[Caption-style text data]
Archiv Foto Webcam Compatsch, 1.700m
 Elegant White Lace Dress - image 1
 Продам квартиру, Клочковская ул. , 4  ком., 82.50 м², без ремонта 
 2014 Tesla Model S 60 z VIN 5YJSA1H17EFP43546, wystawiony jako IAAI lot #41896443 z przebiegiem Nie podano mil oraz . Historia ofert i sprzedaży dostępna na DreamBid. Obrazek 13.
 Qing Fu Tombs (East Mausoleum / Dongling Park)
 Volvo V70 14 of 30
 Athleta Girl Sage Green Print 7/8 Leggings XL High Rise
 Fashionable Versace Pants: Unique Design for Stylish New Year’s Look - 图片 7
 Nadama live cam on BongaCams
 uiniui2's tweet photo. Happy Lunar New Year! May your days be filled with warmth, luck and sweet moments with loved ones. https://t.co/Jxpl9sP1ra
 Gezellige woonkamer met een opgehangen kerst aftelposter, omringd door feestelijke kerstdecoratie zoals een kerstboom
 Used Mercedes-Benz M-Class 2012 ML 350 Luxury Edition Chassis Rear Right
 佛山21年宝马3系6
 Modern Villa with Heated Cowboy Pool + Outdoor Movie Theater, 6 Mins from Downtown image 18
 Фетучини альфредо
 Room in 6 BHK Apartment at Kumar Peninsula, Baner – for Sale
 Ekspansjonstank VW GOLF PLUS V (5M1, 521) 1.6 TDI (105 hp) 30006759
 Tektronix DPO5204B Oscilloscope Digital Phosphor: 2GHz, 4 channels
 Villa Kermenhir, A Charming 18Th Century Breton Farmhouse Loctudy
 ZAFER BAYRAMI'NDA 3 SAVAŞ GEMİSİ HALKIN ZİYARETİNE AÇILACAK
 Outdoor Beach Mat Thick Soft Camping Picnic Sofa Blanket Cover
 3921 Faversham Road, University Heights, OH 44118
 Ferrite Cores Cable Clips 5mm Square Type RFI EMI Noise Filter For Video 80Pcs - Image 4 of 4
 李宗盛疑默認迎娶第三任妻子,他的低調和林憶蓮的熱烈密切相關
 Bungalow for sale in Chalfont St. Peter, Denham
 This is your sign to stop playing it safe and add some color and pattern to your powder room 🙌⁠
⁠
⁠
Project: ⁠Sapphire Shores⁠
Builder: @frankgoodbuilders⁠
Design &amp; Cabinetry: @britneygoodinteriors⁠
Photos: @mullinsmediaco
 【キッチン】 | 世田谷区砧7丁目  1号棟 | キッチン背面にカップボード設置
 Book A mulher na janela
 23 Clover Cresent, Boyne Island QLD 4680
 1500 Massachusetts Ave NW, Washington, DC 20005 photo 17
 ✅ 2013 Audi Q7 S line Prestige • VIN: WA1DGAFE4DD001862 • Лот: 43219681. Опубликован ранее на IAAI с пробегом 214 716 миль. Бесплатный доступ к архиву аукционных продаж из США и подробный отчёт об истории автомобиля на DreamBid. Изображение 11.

--- Assigned task ---
Please copy every line of the records above in which "Year" appears.

--- Response to the task ---
 Fashionable Versace Pants: Unique Design for Stylish New Year’s Look - 图片 7
 uiniui2's tweet photo. Happy Lunar New Year! May your days be filled with warmth, luck and sweet moments with loved ones. https://t.co/Jxpl9sP1ra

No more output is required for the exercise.